デバイスの小型化,簡素化へ向けたトレンドから,生体サンプルのイメージング,分析ソリューションを代替,補完する技術としてCL技術への関心が高まっている。多くの応用が登場し,研究される中で,CL光源は小型化,簡素化に最も適した実現技術とされている。
例えば,CLベースのTLASは中赤外線FTIRと比較されてきたが,Bruker Optics社とハーバード大学の比較実験の結果,そのパフォーマンスではTLASに軍配が上がった。またハイデルブルグ大学でも,生体組織のハイパースペクトルイメージングで,QCL技術とBrukerのFTIRイメージング装置との比較を行っている。
Daylight Solutions社は,セントラルランカシャー大学,ストラスクライド大学と提携し,量子カスケードレーザーをベースとする中赤外線分光イメージング装置を開発している。
4.5 自動車,運輸
都市及びその周辺における煤煙や排気ガスへの懸念が高まっている。大気汚染物質は,呼吸器あるいは循環器の疾患の原因とも考えられている。粒子状物質の大気中の質量濃度を制限する議案が欧州,北米で承認された。実際上の規制対象は自動車の排気ガス,特にディーゼルである。
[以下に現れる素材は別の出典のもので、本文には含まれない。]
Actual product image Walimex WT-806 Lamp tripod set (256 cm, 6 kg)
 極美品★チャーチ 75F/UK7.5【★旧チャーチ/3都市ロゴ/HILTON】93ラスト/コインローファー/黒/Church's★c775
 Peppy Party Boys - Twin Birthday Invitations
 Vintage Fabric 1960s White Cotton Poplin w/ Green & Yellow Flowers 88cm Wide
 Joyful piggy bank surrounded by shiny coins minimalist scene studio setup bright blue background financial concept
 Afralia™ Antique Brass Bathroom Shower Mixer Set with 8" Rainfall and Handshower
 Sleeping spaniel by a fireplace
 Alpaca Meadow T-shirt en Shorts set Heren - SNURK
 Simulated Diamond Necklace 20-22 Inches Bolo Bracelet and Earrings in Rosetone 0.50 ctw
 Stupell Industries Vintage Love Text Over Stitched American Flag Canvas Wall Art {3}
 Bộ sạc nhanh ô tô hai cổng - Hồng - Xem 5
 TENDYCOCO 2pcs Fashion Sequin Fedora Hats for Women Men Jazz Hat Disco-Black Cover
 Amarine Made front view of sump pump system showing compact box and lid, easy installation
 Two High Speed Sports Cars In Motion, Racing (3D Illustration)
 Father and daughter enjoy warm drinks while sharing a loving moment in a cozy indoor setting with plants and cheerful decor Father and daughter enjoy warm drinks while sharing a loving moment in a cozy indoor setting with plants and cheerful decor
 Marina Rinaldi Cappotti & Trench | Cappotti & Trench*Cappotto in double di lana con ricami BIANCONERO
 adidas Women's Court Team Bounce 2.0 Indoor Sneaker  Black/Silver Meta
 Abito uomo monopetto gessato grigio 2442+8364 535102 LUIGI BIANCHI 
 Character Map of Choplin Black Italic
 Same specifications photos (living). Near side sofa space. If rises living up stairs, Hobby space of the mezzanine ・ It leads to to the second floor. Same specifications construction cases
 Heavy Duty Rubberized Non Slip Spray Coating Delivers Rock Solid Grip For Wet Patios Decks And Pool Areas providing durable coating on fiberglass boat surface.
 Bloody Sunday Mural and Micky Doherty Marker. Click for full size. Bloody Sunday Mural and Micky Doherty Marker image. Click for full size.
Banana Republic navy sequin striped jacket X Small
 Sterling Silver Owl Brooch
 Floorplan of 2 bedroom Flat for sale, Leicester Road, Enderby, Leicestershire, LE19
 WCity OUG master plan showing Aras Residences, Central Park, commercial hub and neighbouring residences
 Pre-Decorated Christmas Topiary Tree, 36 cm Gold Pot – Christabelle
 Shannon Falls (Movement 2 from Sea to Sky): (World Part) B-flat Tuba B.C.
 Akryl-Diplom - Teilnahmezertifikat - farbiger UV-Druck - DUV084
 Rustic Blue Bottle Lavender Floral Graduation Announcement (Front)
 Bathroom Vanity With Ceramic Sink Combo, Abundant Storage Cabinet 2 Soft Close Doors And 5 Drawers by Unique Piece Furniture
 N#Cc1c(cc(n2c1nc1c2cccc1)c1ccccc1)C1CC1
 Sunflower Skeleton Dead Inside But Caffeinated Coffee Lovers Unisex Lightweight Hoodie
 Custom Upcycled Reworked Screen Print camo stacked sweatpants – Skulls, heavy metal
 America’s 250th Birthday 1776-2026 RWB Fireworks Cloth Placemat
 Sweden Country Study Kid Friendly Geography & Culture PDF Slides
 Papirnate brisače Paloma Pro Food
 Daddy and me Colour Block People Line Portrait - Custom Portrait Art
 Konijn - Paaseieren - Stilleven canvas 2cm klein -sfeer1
海運,空運も同じく大気汚染の源として懸念の対象となっている。海上運輸の排ガスは,大気汚染物質のうち,窒素酸化物の15%,温室効果ガスの3−6%,硫黄酸化物の3−7%を占めると言われている。航空各社も,燃費向上に取り組むと同時に,排気ガス成分についても改善を進めようとしている。
CL分光システムはこうした用途に最適のソリューションとなりうる。下記のように,バリューチェーンの様々な段階でCL技術の有効活用の可能性がある。
・運行中の排気ガス管理
CL技術の自動車,運輸向け応用には大きな市場機会があると考えられる。